Available data:
________________________

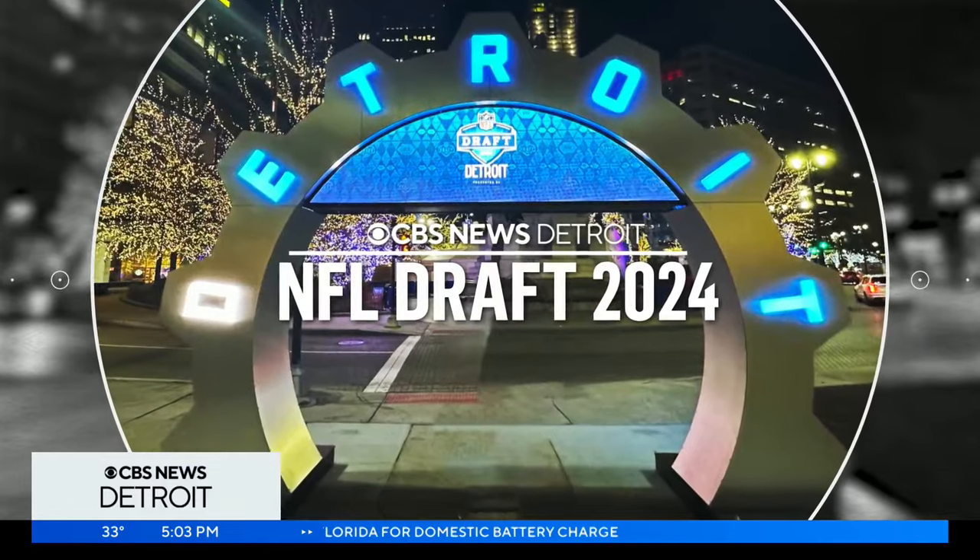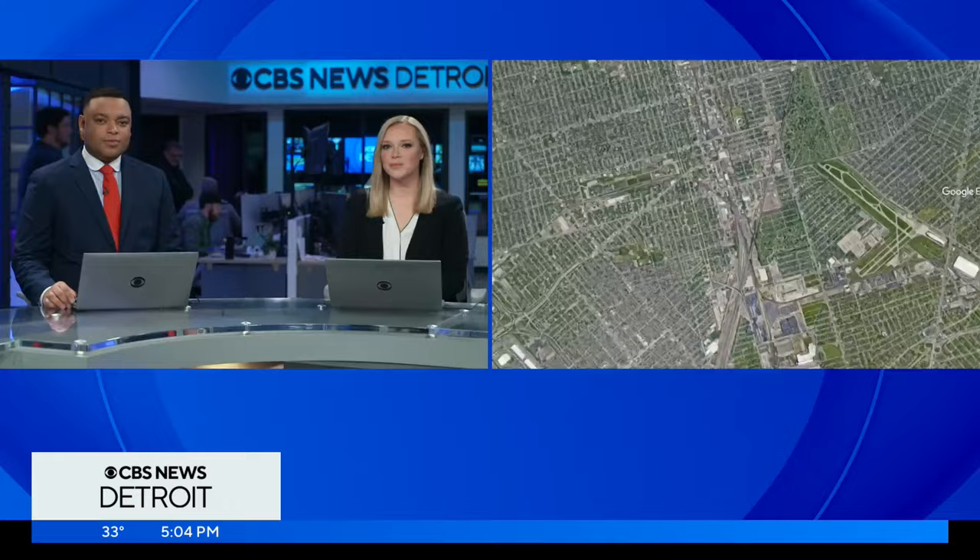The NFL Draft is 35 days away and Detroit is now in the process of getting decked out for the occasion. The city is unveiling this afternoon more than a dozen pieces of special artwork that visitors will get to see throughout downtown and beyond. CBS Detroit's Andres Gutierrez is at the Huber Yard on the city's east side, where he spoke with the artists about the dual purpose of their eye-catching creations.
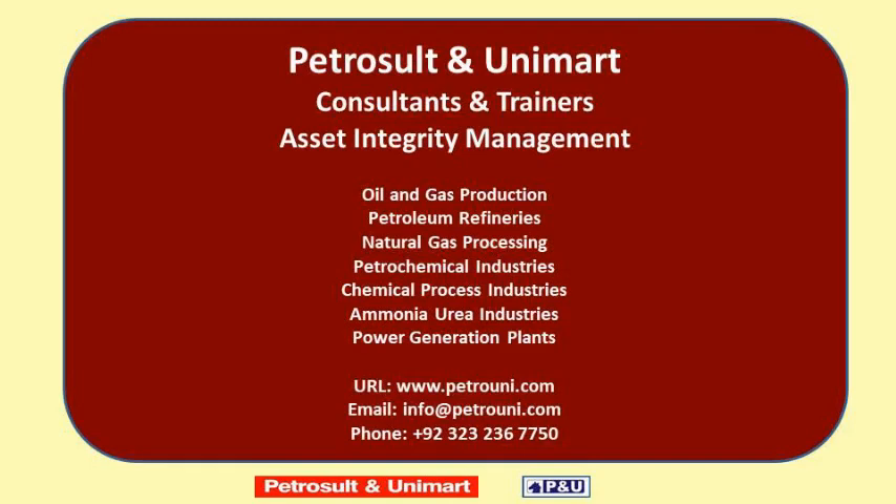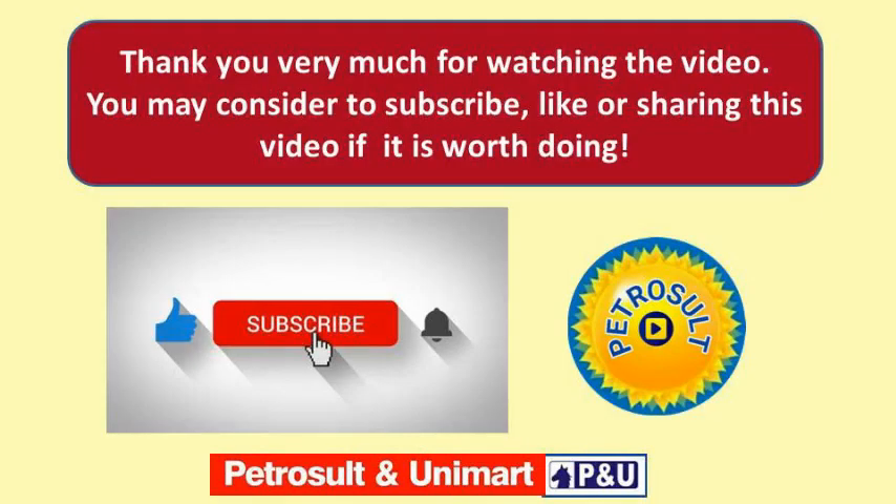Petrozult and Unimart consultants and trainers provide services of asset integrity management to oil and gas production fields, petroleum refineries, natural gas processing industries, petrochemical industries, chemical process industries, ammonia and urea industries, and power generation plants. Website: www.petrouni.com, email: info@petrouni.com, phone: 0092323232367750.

________________________

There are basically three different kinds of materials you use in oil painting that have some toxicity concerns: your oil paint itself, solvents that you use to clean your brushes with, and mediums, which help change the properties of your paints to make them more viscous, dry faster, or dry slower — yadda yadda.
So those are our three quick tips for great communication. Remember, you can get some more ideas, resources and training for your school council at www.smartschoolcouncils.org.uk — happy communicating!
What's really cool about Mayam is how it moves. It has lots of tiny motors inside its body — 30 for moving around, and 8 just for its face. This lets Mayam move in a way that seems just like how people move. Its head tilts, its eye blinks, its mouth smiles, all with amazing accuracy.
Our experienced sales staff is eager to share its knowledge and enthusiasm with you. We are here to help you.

________________________

What is required:
Taking the records above, retype every line from the one with "So those are" down to the one with "Our experienced sales", exactly and with nothing else.

Written response:
So those are our three quick tips for great communication. Remember, you can get some more ideas, resources and training for your school council at www.smartschoolcouncils.org.uk — happy communicating!
What's really cool about Mayam is how it moves. It has lots of tiny motors inside its body — 30 for moving around, and 8 just for its face. This lets Mayam move in a way that seems just like how people move. Its head tilts, its eye blinks, its mouth smiles, all with amazing accuracy.
Our experienced sales staff is eager to share its knowledge and enthusiasm with you. We are here to help you.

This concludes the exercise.